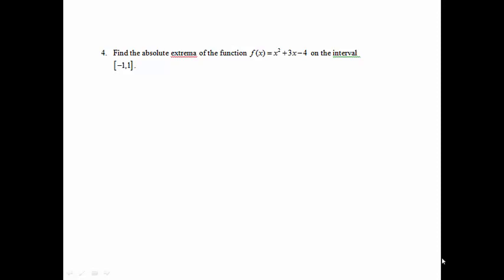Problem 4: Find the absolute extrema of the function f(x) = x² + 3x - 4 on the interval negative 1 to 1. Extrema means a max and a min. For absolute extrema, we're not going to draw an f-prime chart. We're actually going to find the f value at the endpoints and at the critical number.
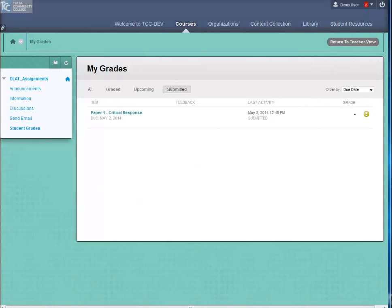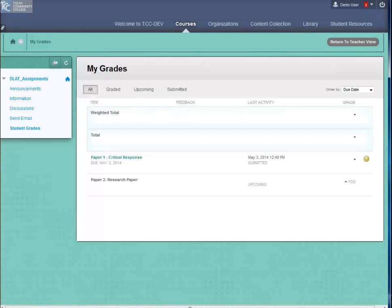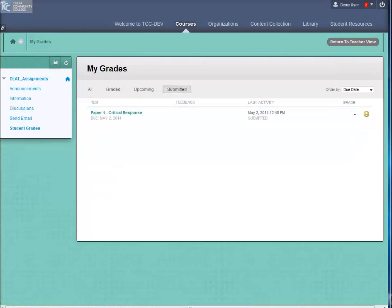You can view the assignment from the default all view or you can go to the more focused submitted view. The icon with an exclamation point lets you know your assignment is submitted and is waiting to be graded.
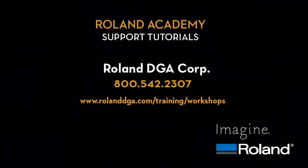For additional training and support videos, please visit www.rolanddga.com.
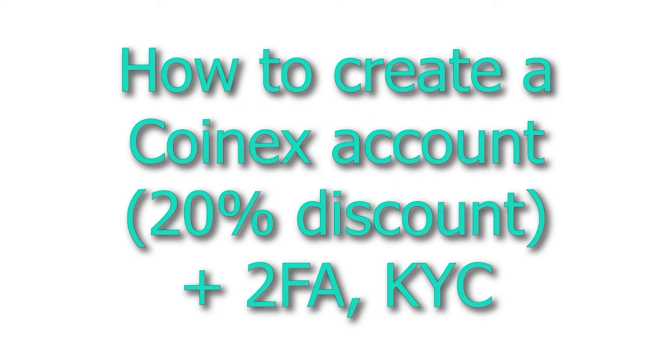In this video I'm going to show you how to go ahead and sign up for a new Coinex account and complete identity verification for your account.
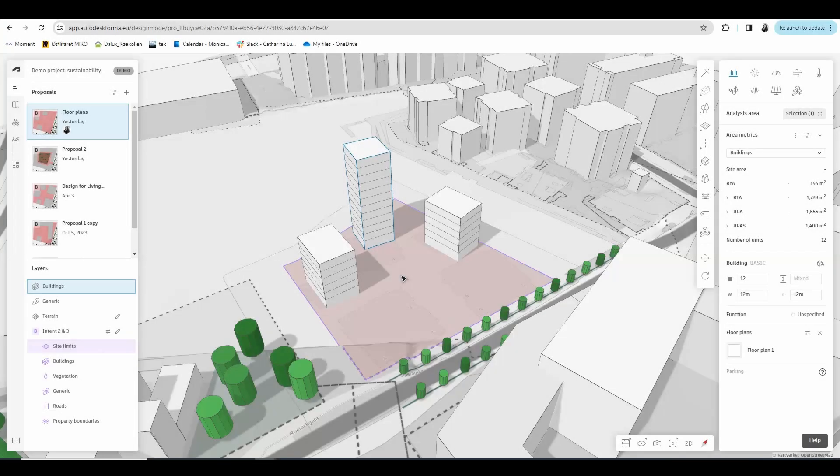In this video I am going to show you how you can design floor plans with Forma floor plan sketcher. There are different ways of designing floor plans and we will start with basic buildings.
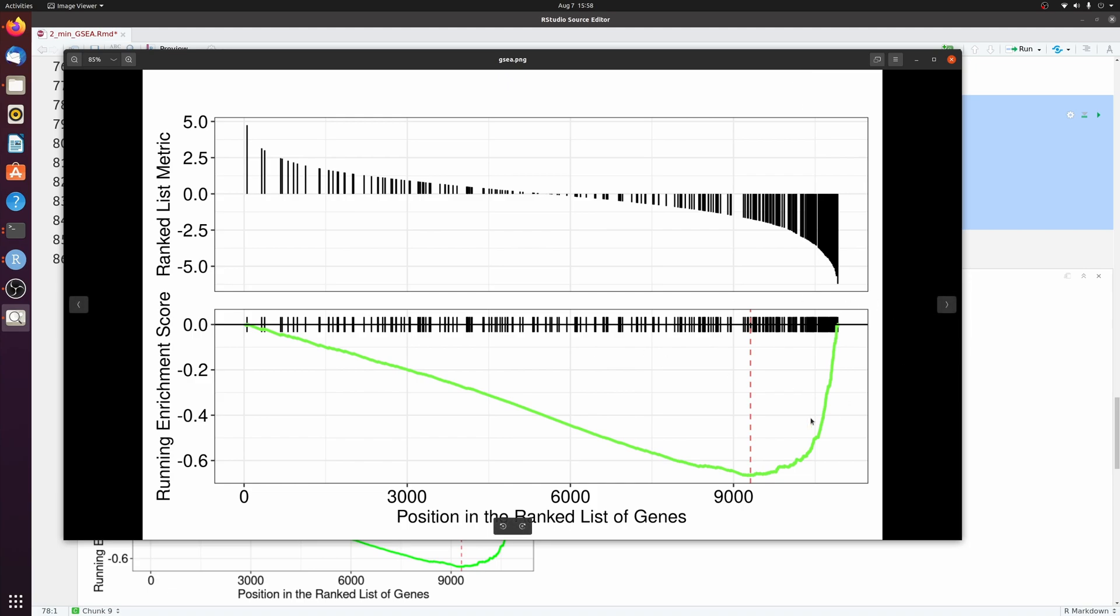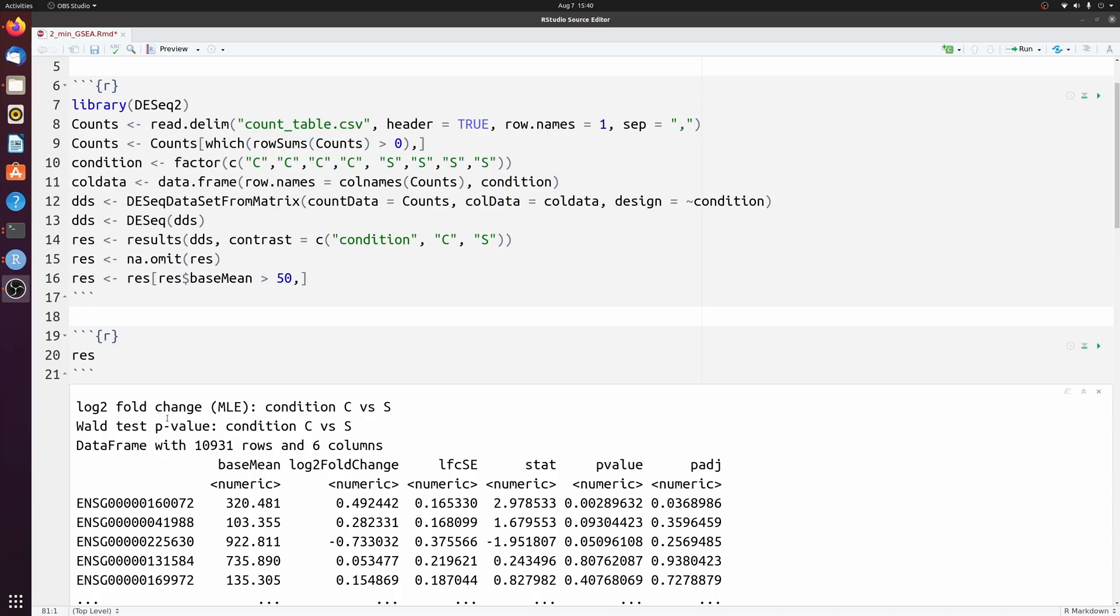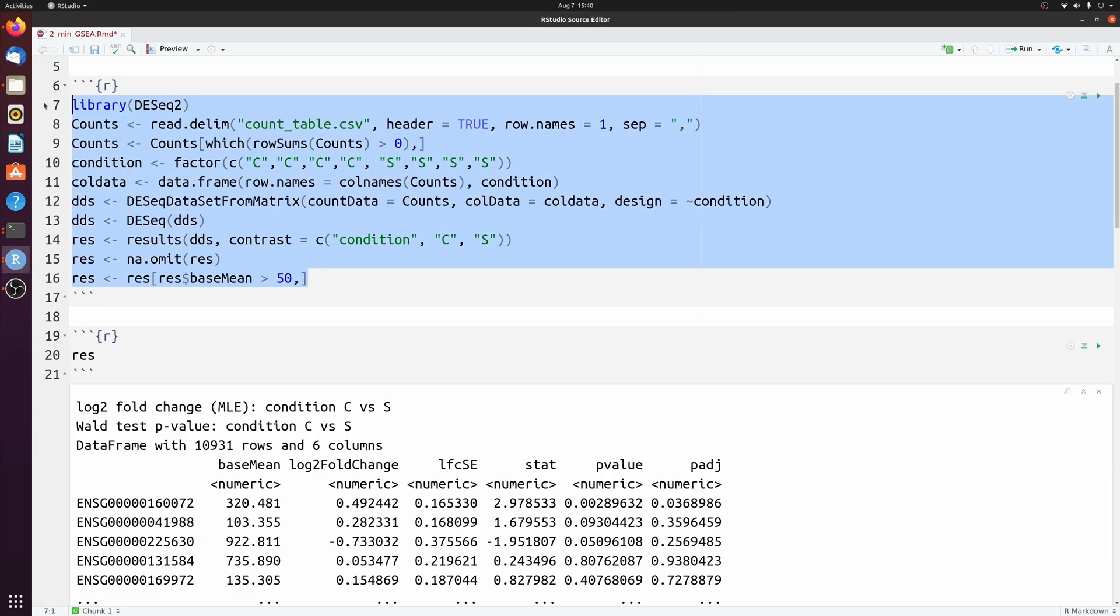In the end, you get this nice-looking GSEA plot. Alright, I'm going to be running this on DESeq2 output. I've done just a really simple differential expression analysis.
========================================================================
▶ _EXERCISE DETAILS_
Take the lines from the start of the entries through the line containing "For additional training" and set them down exactly, leaving out every picture.

▶ _REPLY TO THE TASK_
Problem 4: Find the absolute extrema of the function f(x) = x² + 3x - 4 on the interval negative 1 to 1. Extrema means a max and a min. For absolute extrema, we're not going to draw an f-prime chart. We're actually going to find the f value at the endpoints and at the critical number.
You can view the assignment from the default all view or you can go to the more focused submitted view. The icon with an exclamation point lets you know your assignment is submitted and is waiting to be graded.
For additional training and support videos, please visit www.rolanddga.com.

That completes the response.